Family 5 HERMES proteins were found to be more related to TnpB proteins compared to Family 1–4, making it more likely to find RNA-guided DNA nucleases within it. The researchers looked into the HERMES loci of the Acanthamoeba polyphaga mimivirus encoded in the IS607 transposon. They found that the protein-coding regions (ApmNuc) and the non-coding RNA-coding regions were conserved (repeated). With further study, they found out that the non-coding conserved region could function as a functional guide RNA, and they named it HERMES RNA, or hRNA. It was seen that when hRNA was expressed with ApmNuc in E. coli, the nuclease experienced more stability compared with when it was not expressed with hRNA.
They hypothesized that the ApmHNuc-hRNA ribonucleoprotein (RNP) could target and make double-stranded breaks in DNA. They tested it with synthetic hRNA complementary to a target strand associated with a randomized 7-nucleotide TAM sequence (basically the PAM sequence from the CRISPR system). The cleavage was similar to that of Cas 12 (staggered cuts), with the properties of programmable RuvC domains.

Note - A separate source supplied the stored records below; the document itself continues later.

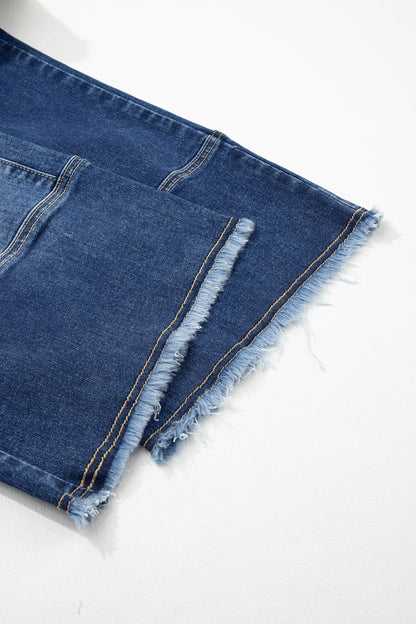 Fray Hem Wide Leg Denim Pants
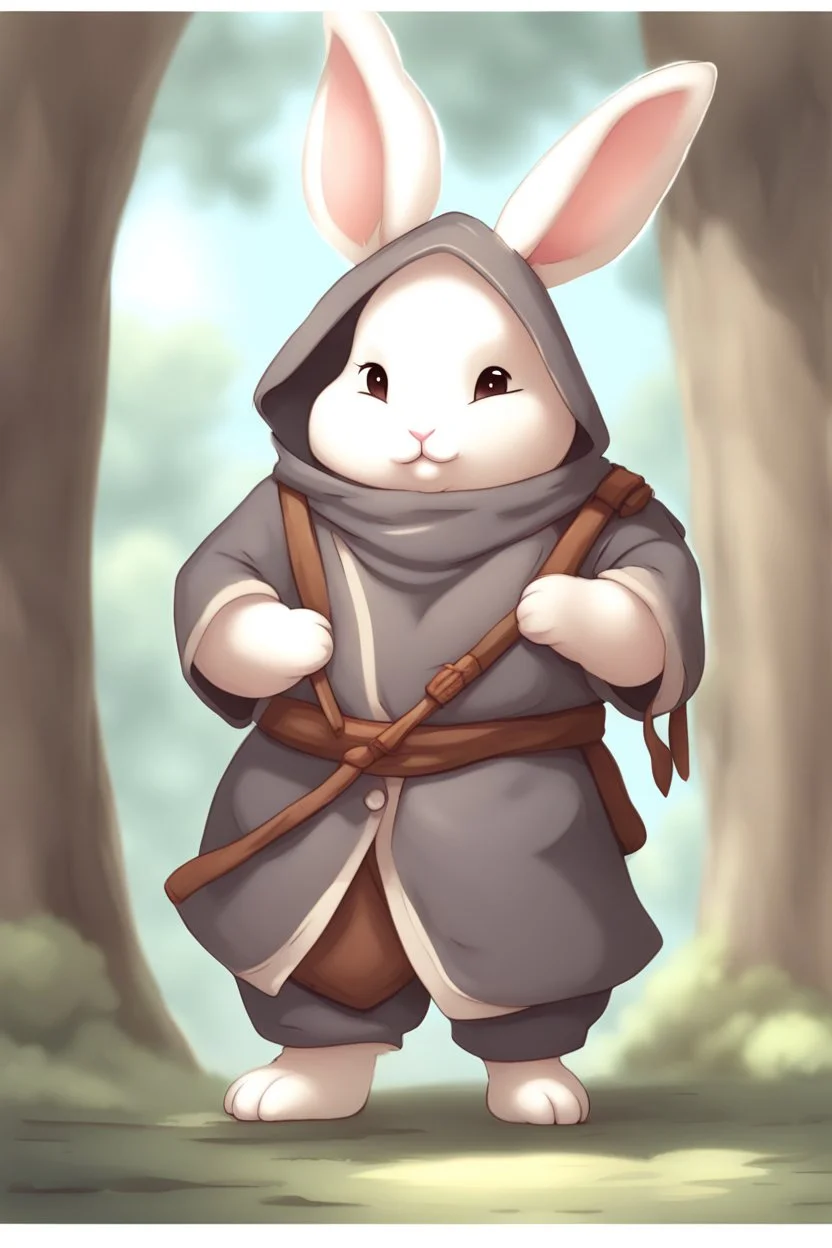 Cute fat bunny floppy ears adventurer robe dnd art realism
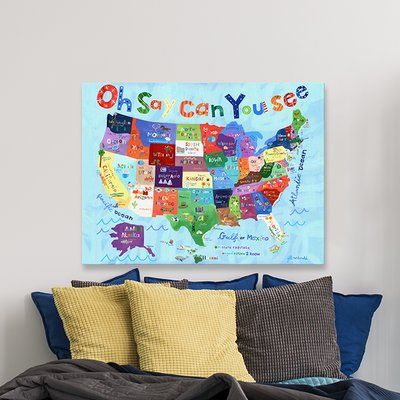 Oopsy Daisy Oh Say Can You See USA Map Canvas Art Size: Solar System Canvas, Balloon Canvas Art, Rainbow Playroom, Blue Nursery Decor, Map Canvas Art, Maps For Kids, Oopsy Daisy, Textured Canvas Art, Kids Wall Art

HERMES nucleases contain a rearranged RuvC domain compared to TnpBs and do not have collateral cleavage activity
When comparing HERMES nucleases with the majority of TnpBs, it was found that HERMES nucleases had a proline or glycine residue (not catalytic) in place of a glutamate residue (catalytic) in the RuvC domain. They contained a conserved alternative glutamate about 45 amino acids after, which is very important for the nuclease’s activity and compensates for the substitution mutation. It resembled RuvC domains in mesophilic organisms and was most efficient in the temperature range of 30 degrees to 40 degrees celcius.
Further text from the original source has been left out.